29. À data da declaração da insolvência, no imóvel apreendido sob a verba ... do Auto de Apreensão de Bens, existiam diversos bens móveis pertencentes à Devedora, tais como máquinas e equipamentos, que começaram a ser vendidos no final do ano de 2016, sendo uma parte deles vendida em 25.09.2018.
30. O valor patrimonial, atribuído pela Autoridade Tributária, do prédio urbano descrito na Conservatória de Registo Predial ... sob o nº …71, da freguesia ... apreendido sob a verba ... do Auto de Apreensão de Bens, é de 1.576.050,83 euros.
31. Do endereço eletrónico da mandatária da Autora foi remetido, em 26.03.2018, um email onde solicita ao 2.º Réu o envio do IBAN da Massa Insolvente da “Profato – Empresa de Confeções, S.A.” para realização da transferência da respetiva renda.»
3. O direito aplicável:
3.1. A questão de saber se a venda executiva do imóvel arrendado para comércio determina a caducidade do contrato de arrendamento, nos termos do art. 824º, nº 2 do Código Civil:
Sustenta a recorrente que o acórdão recorrido não fez a correta aplicação do direito ao caso concreto, por
ter entendido que o contrato de arrendamento celebrado com a “Profato”, em 2006, teria caducado com a venda executiva do imóvel, em 2014, à “Barcamaia”, por aplicação do art. 824º, nº 2 do Código Civil.

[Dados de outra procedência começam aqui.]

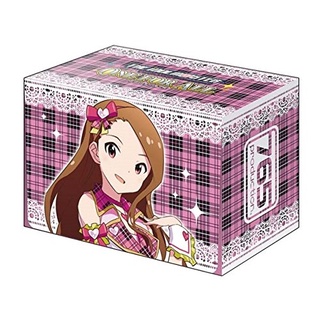 [Deck Case 0058] Bushiroad Collection The Idol Master Minase Iori - เด็คเคส,กล่องใส่เด็ค,กล่องการ์ด (JP)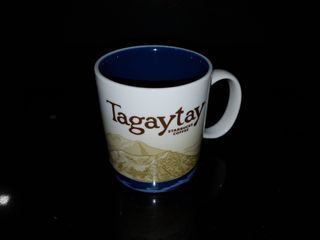 Starbucks Tagaytay Mug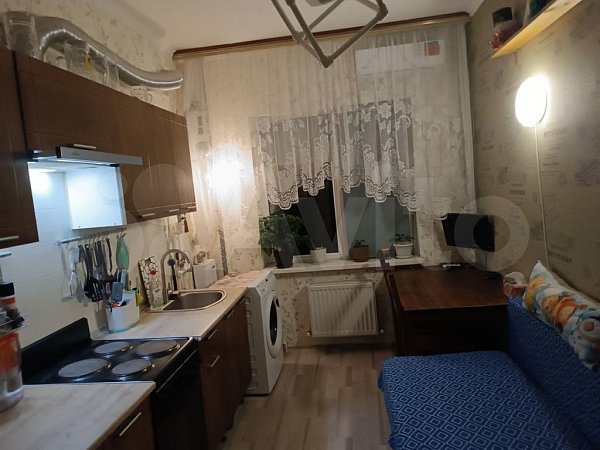 1-комн квартира, 37.6 м², р-н Центр (№129063)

3.2. O acórdão recorrido manteve a sentença, alterando-a apenas quanto ao prazo fixado para a restituição do imóvel, após o trânsito em julgado da decisão, que passou para quatro meses (em vez dos dois meses fixados pela primeira instância).
Colhem-se, na fundamentação do acórdão recorrido, as seguintes considerações:
«Do Título de Transmissão assinado pela Agente de execução, de 08.03.2014, junto ao processo de execução nº 1975/09... (apenso G), a propriedade do prédio urbano inscrito sob a matriz nº …65 da freguesia …, ..., e descrito na Conservatória de Registo Predial ... sob o nº….71, para a Exequente “BARCAMAIA – Consultoria e gestão de Empresas, S.A.”, foi transmitida livre de quaisquer ónus ou encargos, facto provado em 6. Ora, tal circunstância decorreu, por certo, do facto de o contrato de arrendamento celebrado entre a insolvente e a Autora, ser posterior à constituição da hipoteca a favor do credor ali Exequente e Adjudicatário de tal bem. (…)
Donde, tendo sido constituída tal hipoteca em 08.04.2002 e sendo o contrato de arrendamento invocado pela Autora celebrado em 30.09.2006, este contrato não era oponível ao crédito hipotecário, no processo de execução nº 1975/09..., atento o disposto no artigo 824º, nº 2, do Código de Processo Civil em conjugação com o disposto no artigo 686º, nº 1, do Código Civil.
(…) o credor hipotecário nunca pode ser prejudicado por efeitos da alienação ou da oneração do bem hipotecado, já que, tais direitos sendo constituídos após o registo constitutivo da hipoteca são inoponíveis ao credor hipotecário, por força da anterioridade do registo da hipoteca e da sua ineficácia em relação a esta, cfr. art. 687.º, nº 1, alínea h), e nº 2, do Código Civil, e artigo 4.º, nº 2, do Código de Registo Predial.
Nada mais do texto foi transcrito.